(Beginning of ENTRIES PROVIDED)
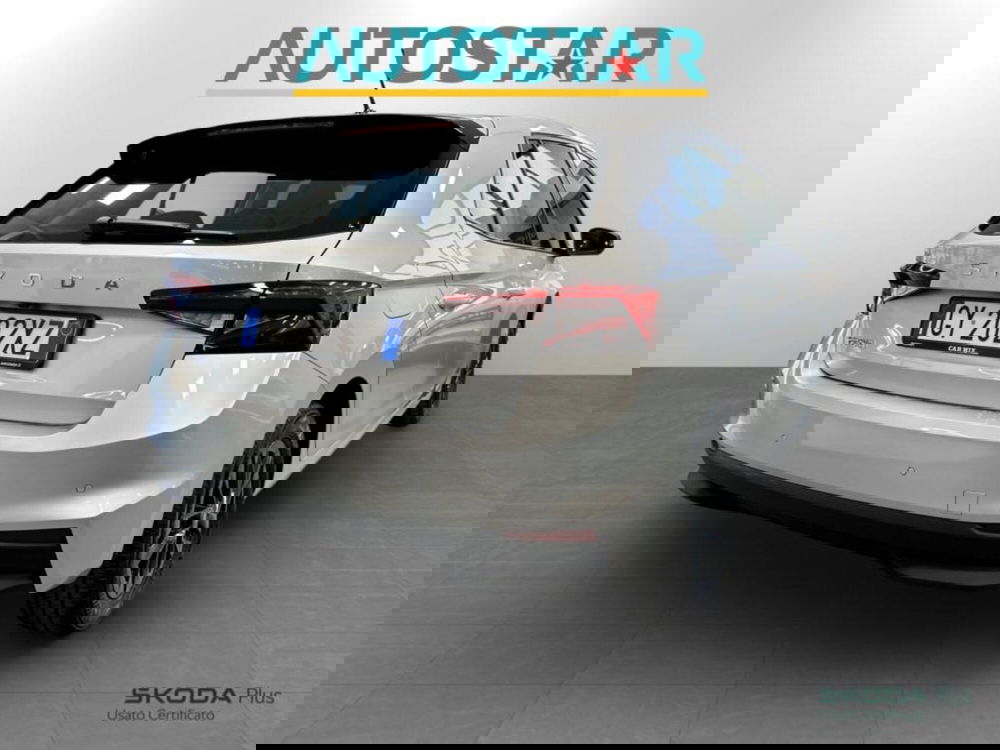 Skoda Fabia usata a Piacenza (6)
(End of ENTRIES PROVIDED)
(Beginning of ENTRIES PROVIDED)
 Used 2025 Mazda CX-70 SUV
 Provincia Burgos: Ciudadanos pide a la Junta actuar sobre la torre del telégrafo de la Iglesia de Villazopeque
(End of ENTRIES PROVIDED)
#### WHAT NEEDS TO BE DONE
Copy back the listing above exactly, but only from the line with "Used 2025 Mazda CX-70 SUV" through the line with "Provincia Burgos: Ciudadanos", both ends included.

#### ANSWER TO THE PROBLEM
 Used 2025 Mazda CX-70 SUV
 Provincia Burgos: Ciudadanos pide a la Junta actuar sobre la torre del telégrafo de la Iglesia de Villazopeque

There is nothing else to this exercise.